What you should do: Copy the data exactly from the line that contains "Alfombra de poliester" through the line that contains "The Fire Place gives amazing ambiance", keeping both end lines and leaving out everything else.

Material to process:
____________
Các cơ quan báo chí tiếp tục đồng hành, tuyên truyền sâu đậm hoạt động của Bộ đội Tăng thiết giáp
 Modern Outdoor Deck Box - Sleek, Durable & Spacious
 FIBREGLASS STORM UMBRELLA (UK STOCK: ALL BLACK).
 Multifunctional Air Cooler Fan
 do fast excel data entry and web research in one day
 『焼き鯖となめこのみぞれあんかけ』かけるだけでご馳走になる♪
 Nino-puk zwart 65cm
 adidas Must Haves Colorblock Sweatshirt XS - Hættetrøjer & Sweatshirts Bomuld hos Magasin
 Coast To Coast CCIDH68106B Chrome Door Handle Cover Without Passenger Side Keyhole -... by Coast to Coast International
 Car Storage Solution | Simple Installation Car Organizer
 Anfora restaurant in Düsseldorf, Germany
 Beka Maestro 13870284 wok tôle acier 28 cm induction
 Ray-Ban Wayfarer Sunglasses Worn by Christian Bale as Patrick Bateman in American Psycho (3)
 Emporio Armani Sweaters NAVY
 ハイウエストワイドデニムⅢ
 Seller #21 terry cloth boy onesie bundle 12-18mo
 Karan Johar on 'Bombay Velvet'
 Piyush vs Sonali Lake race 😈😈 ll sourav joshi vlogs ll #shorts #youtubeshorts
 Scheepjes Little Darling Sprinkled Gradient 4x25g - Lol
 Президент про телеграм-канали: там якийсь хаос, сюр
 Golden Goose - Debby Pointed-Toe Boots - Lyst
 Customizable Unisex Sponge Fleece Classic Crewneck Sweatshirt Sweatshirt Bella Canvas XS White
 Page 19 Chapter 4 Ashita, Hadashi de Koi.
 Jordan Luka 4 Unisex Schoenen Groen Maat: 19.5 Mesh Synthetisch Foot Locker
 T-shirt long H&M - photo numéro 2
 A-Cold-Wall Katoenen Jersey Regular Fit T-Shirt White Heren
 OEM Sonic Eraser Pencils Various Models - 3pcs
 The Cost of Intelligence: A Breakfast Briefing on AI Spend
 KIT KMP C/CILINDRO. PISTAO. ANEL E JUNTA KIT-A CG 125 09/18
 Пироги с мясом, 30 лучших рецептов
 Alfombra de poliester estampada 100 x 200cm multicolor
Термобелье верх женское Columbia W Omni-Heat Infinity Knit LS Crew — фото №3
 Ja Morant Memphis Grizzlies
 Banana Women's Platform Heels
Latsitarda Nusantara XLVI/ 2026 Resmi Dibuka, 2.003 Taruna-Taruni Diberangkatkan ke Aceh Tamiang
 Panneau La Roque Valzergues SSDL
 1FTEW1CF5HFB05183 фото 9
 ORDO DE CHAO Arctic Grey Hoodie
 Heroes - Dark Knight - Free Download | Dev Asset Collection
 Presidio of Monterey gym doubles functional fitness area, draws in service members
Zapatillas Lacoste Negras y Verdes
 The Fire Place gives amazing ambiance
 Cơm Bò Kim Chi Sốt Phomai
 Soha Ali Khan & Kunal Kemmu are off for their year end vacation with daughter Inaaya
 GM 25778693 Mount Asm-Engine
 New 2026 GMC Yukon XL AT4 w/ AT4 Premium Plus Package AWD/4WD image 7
____________
Reply to the exercise:
 Alfombra de poliester estampada 100 x 200cm multicolor
Термобелье верх женское Columbia W Omni-Heat Infinity Knit LS Crew — фото №3
 Ja Morant Memphis Grizzlies
 Banana Women's Platform Heels
Latsitarda Nusantara XLVI/ 2026 Resmi Dibuka, 2.003 Taruna-Taruni Diberangkatkan ke Aceh Tamiang
 Panneau La Roque Valzergues SSDL
 1FTEW1CF5HFB05183 фото 9
 ORDO DE CHAO Arctic Grey Hoodie
 Heroes - Dark Knight - Free Download | Dev Asset Collection
 Presidio of Monterey gym doubles functional fitness area, draws in service members
Zapatillas Lacoste Negras y Verdes
 The Fire Place gives amazing ambiance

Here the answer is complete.